**Task details**
Below are records with pictures in them. Transcribe everything from the line containing "BoonShop Xe Mô" down to the line containing "Louis Vuitton Damier", exactly, and leave the pictures behind.
-- Exercise input follows --
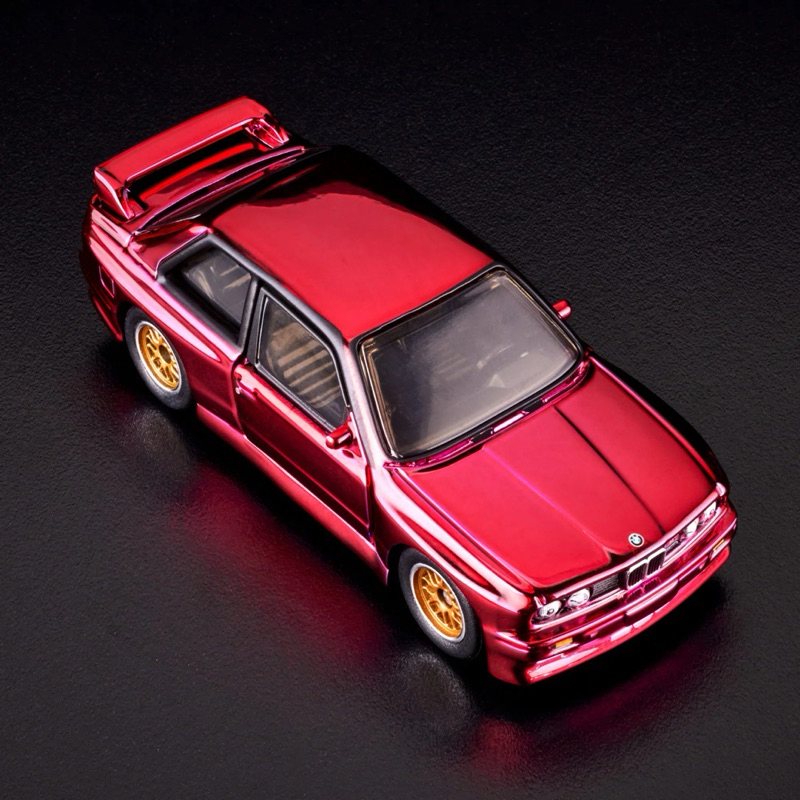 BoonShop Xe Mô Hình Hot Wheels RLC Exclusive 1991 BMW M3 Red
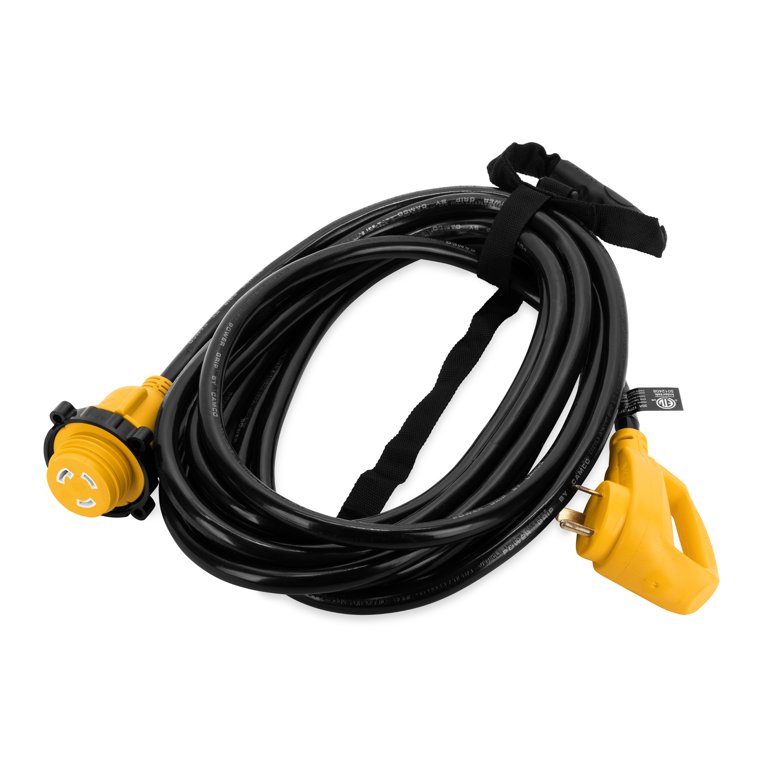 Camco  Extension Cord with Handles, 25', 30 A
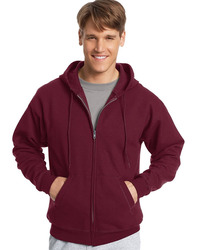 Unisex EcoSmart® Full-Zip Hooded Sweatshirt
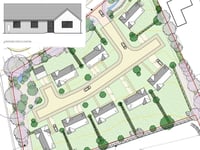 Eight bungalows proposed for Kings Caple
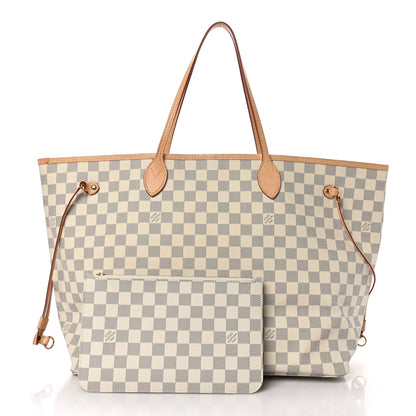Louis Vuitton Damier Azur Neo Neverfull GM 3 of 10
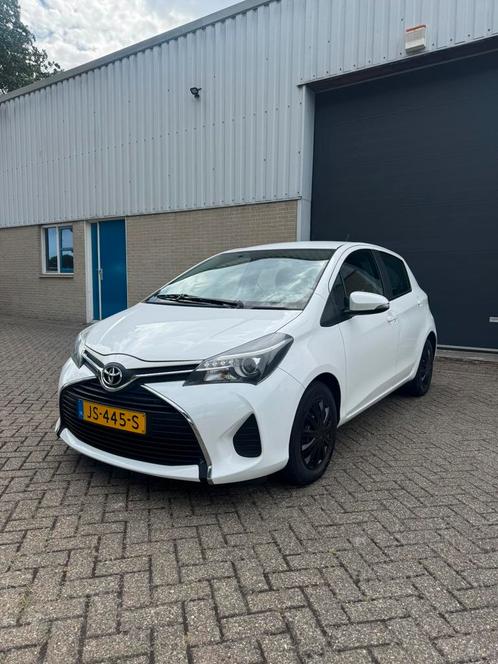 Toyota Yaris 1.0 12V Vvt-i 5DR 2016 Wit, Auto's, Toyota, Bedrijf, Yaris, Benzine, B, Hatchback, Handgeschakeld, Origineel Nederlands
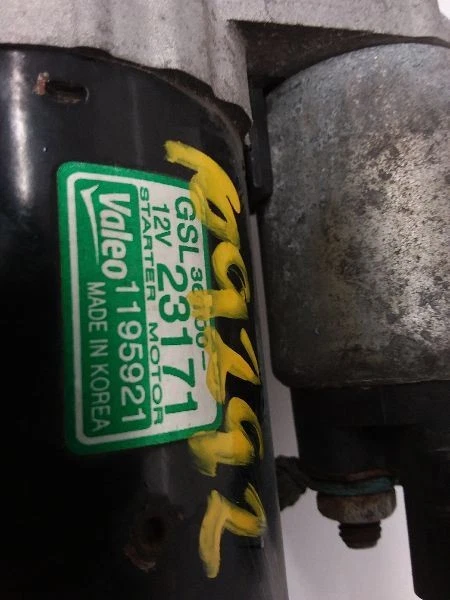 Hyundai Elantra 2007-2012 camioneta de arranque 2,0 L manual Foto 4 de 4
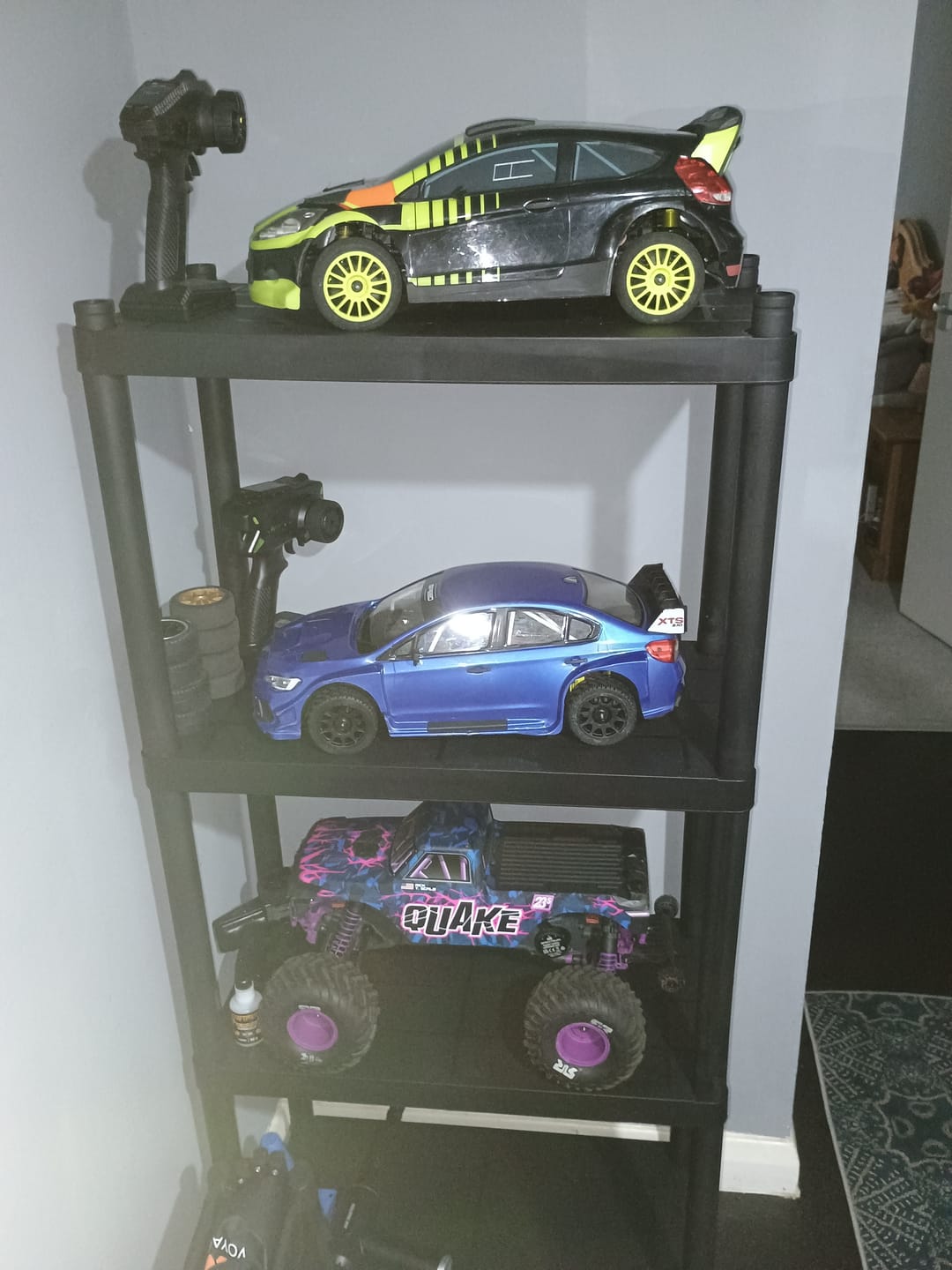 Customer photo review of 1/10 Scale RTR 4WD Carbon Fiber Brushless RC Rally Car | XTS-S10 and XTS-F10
-- Exercise input concluded --
-- Exercise input follows --
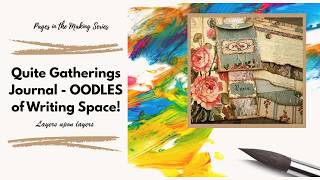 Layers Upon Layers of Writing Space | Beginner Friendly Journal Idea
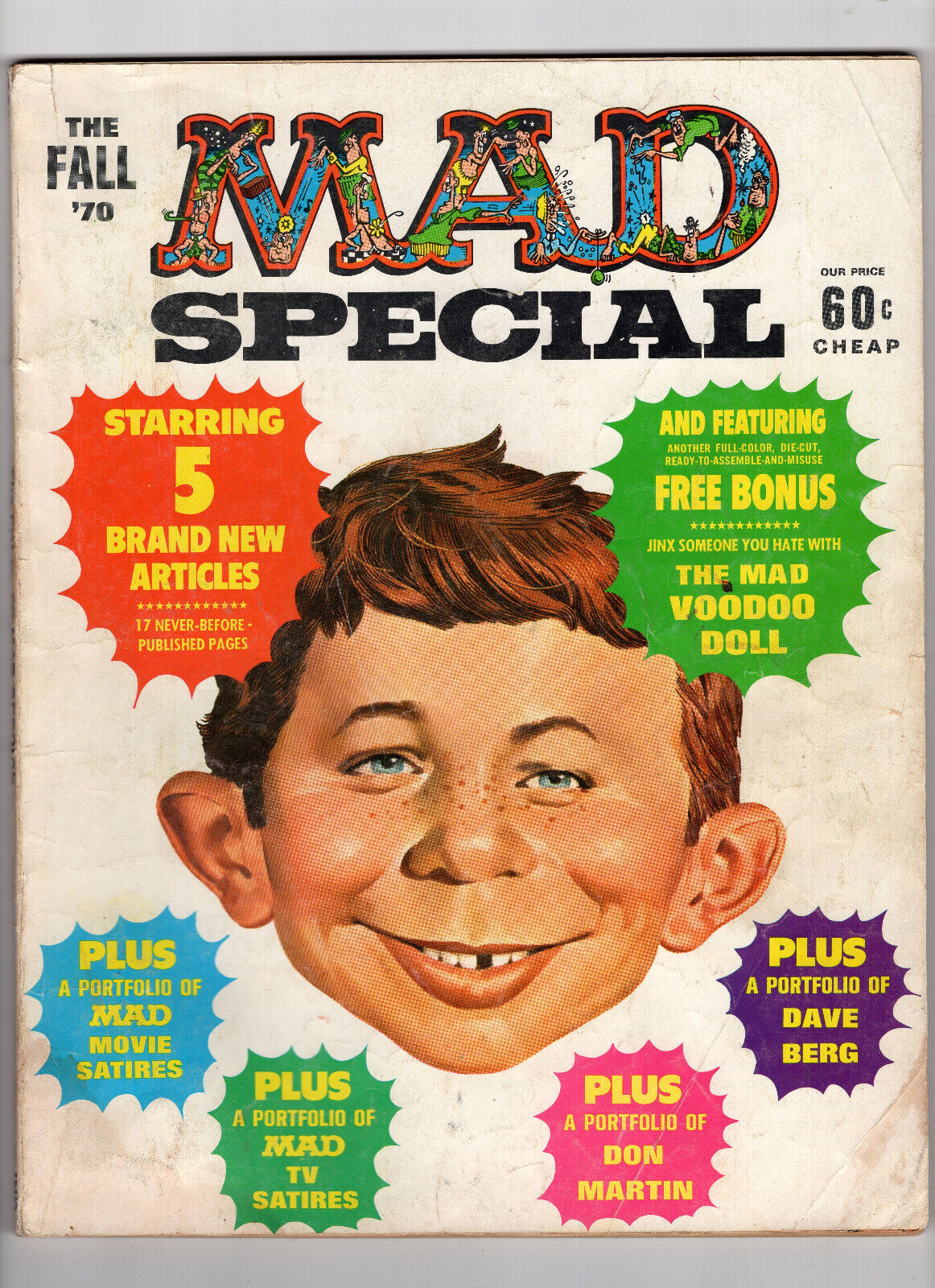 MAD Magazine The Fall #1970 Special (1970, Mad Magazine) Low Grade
-- Exercise input concluded --
-- Exercise input follows --
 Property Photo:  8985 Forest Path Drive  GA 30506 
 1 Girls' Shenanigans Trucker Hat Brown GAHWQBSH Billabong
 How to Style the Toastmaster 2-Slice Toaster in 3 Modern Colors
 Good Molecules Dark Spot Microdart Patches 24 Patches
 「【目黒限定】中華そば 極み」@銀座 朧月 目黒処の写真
-- Exercise input concluded --
**Answer area**
 BoonShop Xe Mô Hình Hot Wheels RLC Exclusive 1991 BMW M3 Red
 Camco  Extension Cord with Handles, 25', 30 A
 Unisex EcoSmart® Full-Zip Hooded Sweatshirt
 Eight bungalows proposed for Kings Caple
Louis Vuitton Damier Azur Neo Neverfull GM 3 of 10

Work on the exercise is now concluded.